Existen importantes zonas de los asuntos públicos en donde la gente en general, y sus legisladores, están de acuerdo en que los problemas son tan complicados o abstrusos que nadie puede tener la esperanza de llegar a entenderlos. Así pues, hay que delegar en quienes por conocimientos, experiencia, ignorancia o petulancia han llegado a convencerse y convencer a otros de que sí los entienden. Ésos forman el sacerdocio secular. Como la perpetuación de un sentido de misterio es una fuente de poder para todo grupo sacerdotal, los miembros de éste practican con regularidad un estilo de comunicación ignoto, en donde no puede penetrar ningún profano. Las operaciones del Sistema de la Reserva Federal y las del Pentágono, como todos deberíamos temer y lamentar, y la dirección de la política exterior, son los reductos más fuertes del sacerdocio secular. En estos sectores resulta más fácil convencer de su ignorancia a la opinión pública y a sus representantes. De ahí la delegación de poder.
No es necesario, ni siquiera corriente, que los miembros del grupo sacerdotal conozcan las consecuencias finales de cualquier decisión: sea ésta una intervención o una innovación militar, el cambio de los tipos de interés del Banco central o el apoyo o no del gobierno estadounidense a algún dictador. De los demás, nadie sabe nada tampoco, y lo mismo que ocurre con la justicia celestial, les queda el consuelo de creer que alguien sabe. Una bien cultivada apariencia de seguridad por parte del grupo sacerdotal en su conjunto, combinada con la falta de introspección de cada uno de sus miembros en cuanto a las propias limitaciones, tienden a reforzar mucho la confianza del público.”
 Fue menospreciado por los ortodoxos a los que él descalificaba como irrelevantes. Desde la publicación en el 2004 de su biografía “John Kenneth Galbraith: Su vida, su política, su economía” escrita por Richard Parker (no la veo traducida), su figura se ha revalorizado y su influjo en economistas como Thomas Piketty es notorio.

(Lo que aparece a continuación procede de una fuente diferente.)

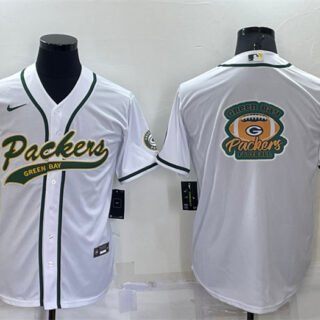 Men's Green Bay Packers White Team Big Logo With Patch Cool Base Stitched Baseball Jersey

Son memorias penetrantes y sagaces, siempre divertidas, sobre sus actuaciones públicas, como académico, asesor económico, colaborador en campañas electorales, embajador en la India. JKG habla poco o nada de los asuntos en los que no interviene por cruciales que éstos fueran en su época: el macartismo, Nixon o Kissinger. Si él no estaba, no hay tema. Aunque reconoce algunos errores, en general se enorgullece de haber acertado: en la India, se atribuye el mérito de haber evitado una guerra con China. Sus mordaces observaciones sobre los personajes que trató, sus críticas a los procedimientos políticos y militares no tienen desperdicio. De los estrategas del Departamento de estado y los militares dice:
Por otra parte, yo había llegado a entender la mentalidad global washingtoniana, o sea la geopolítica o estratégica, como la llaman también a veces. Es la que mueve a cierto tipo de estadistas existentes hasta la fecha, a quienes debería prohibírseles la contemplación de un mapa. Cuando lo hacen y ven África, Asia o Latinoamérica —Angola, Etiopía, el Cuerno de África, Irán, Afganistán, Nicaragua, Cuba— sólo preguntan quién tiene el control ahí.

Para ilustrar la propensión escatológica de Lindon B. Johnson, JKG explica que, alarmado por un posible final trágico, había intercedido por Papandreu cuando éste fue detenido por los coroneles griegos y recibió una llamada de Nicholas Katzenbach, el subsecretario de Estado, en que le transmitía un mensaje del presidente:

«Llame a Ken Galbraith y dígale de mi parte que he ordenado a esos bastardos griegos que soltaran al hijo de perra ese, como se llame.»